I think it’s amazing how clear life can become when you’re honest with yourself about what you want and start pursuing those things. For one, it’s just nice to let yourself want what you want and feel whatever you feel without overthinking it. It’s also just amazing that reflecting, thinking, and asking for what you want means getting a little bit closer to getting it. I haven’t wanted anything profound, just closeness with people and working more on developing meaningful relationships, and it’s crazy how easy it was to get that once I knew that’s what I was after. I’m trying to do more reflecting and analyzing my thoughts and feelings, really trying to push into this growth thing, and I love it. I’ve been gaining more role-models too, and realizing how important it can be to tell others what you’re going through if it might even save one person from having to learn it on their own, so I’m making an effort. I’m actually excited for these twenty-something years and the growth I’ve yet to experience. I wonder what things will happen to lead me there this time.

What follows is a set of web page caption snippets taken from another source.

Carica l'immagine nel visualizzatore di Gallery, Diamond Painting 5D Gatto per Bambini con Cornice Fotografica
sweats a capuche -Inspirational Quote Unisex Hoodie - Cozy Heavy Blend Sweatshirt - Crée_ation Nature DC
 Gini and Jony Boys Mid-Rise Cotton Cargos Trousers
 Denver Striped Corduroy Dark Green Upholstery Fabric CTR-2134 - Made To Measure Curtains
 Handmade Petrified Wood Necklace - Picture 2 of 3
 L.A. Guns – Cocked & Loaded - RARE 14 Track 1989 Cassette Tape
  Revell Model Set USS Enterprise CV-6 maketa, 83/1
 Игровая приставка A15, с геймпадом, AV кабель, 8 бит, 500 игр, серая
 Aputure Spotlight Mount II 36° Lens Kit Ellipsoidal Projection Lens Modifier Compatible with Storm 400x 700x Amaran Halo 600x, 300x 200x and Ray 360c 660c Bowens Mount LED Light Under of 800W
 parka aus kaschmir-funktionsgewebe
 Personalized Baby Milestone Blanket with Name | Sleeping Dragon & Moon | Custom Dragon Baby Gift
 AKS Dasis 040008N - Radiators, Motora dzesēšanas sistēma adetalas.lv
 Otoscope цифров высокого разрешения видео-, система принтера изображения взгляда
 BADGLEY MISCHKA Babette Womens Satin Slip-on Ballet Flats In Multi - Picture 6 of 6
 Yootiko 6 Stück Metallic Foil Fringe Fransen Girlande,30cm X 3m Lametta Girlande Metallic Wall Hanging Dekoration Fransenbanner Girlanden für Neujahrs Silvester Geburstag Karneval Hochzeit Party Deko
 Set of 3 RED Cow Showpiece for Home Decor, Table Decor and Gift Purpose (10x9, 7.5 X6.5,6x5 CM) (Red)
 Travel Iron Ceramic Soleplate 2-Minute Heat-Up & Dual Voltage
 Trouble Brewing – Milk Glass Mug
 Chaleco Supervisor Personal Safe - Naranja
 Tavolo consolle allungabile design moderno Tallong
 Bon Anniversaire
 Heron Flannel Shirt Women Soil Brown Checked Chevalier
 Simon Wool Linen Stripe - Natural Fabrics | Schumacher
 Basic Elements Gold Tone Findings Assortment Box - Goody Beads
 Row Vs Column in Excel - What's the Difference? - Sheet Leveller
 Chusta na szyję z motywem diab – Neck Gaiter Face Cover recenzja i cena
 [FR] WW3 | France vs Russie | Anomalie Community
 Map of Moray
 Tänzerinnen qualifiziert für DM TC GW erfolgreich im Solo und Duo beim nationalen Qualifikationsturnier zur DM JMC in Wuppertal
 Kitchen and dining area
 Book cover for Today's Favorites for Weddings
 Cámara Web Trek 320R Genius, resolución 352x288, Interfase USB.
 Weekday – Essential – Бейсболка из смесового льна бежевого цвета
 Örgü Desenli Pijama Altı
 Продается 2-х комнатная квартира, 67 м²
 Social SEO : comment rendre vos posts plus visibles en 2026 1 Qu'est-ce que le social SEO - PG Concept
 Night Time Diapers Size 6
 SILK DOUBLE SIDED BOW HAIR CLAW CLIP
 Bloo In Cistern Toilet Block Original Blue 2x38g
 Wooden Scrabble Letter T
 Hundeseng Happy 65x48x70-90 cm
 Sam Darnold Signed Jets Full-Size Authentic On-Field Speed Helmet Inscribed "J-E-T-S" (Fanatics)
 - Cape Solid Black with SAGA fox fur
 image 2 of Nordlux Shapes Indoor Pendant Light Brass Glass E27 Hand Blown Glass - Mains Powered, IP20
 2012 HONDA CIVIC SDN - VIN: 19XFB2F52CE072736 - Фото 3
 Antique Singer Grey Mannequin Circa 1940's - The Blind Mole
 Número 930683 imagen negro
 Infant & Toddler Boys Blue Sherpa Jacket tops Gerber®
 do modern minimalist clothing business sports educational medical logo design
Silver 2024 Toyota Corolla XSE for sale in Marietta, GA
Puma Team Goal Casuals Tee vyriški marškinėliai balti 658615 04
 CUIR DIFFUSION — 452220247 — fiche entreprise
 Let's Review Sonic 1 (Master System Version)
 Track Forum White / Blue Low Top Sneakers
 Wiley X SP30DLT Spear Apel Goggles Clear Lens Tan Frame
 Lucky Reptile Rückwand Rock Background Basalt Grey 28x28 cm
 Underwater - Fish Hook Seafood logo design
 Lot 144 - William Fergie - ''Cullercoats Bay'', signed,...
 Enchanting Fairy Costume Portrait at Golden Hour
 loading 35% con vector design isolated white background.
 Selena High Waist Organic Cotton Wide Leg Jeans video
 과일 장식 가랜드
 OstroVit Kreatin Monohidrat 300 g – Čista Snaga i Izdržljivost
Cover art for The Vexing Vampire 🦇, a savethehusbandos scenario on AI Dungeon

As far as today goes, it was a kind of awful, kind of great. I got up, did yoga, and had breakfast which was all fine, but those six hours of classes really ruin me some days. Today was worse because I’m exhausted from Morocco and my body was hurting, but once class was over the rest of the day was good. I did some reading, bought a new pen and a mascara, then went to teach my host mom’s granddaughter. Today we did arts and crafts and then used them to ask and answer questions in English. I made these two. The first one, I realized, was terrifyingly ugly so I tried to do better the second time. I came downstairs with two pipe-cleaners twisted together and clipped into my hair. It was fabulous.The other favorite part of my day was getting to talk and hang out with my roommate. I couldn’t be more thankful for our talks and laughs. She really is incredible, and I’m SO glad I’ve made such a wonderful friend on this trip. We’re already planning our reunion once we get back to the states.
I’m happy here. I’m not ready to go, and I am. It’s not enough time, but it’s also just enough. I believe that it is exactly how much time I’m meant to have here, and my job is simply to live in each moment of it.